まず、会社としての目標ですが、9月末に新サービスをスタートしました。具体的には、「レターマーケティング」を通じ、「届ける」ことに重点を置いたブランド作りを進めていきます。そのためには、多くの企業様のサポートが不可欠ですので、来期は100社、3年目には300社を目指して具体的な数字を設定し、その目標に向けて融資いただいた資金を活用しながら、事業を拡大できればと思います。

また、QUINTBRIDGEでの目標は、私たちのサービスである『手紙』を活用し、そこで得た経験や知識をもとに共創を通じて、何かお返しができればと考えています。
今回の融資の件も含め、ここでの出会いには本当に助けられていると感じているので、恩返ししたいです。

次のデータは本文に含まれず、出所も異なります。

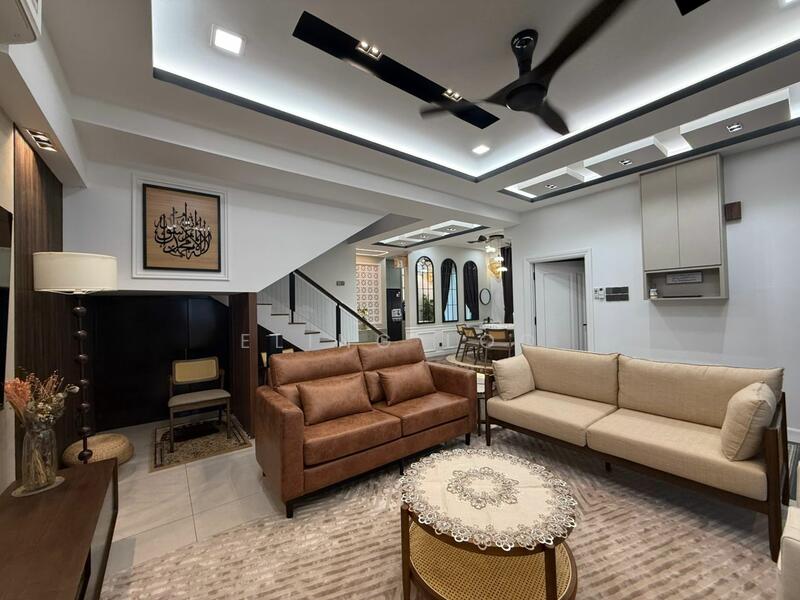 Ukay Perdana untuk Untuk Dijual - RM 2,400,000, Mac 2026 - Living Room - PropertyGuru.com.my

藤原さん 私もここでいろんな方と交流をさせていただいていて、さまざまなアドバイスをいただいたり、情報交換をしています。スタートアップ同士の繋がりもあり、そういった外部からの意見が、私たちの凝り固まった考えを少しずつブラッシュアップしてくれていると感じています。

そういった出会いを大切に育てながら、事業拡大や共創を生む種まきをしていきたいです。

ー 最後に、QB会員の皆様へメッセージをお願いします。

加藤さん 事業計画や融資に悩んでいる方は、相談お待ちしています。私は毎週金曜日、QUINTBRIDGEにいますので、是非お声かけください!


雲雀さん
サービスについての特徴や思いを、決裁権のある方にしっかりと届けたいと考えています。興味がある方は、ぜひお声がけください!

藤原さん ミートアップによく参加しているのと、よく2階にいますので、気軽に声をかけてください!楽しくお話しながら、お互いの課題を共有し合ったり、情報交換できたら嬉しいです!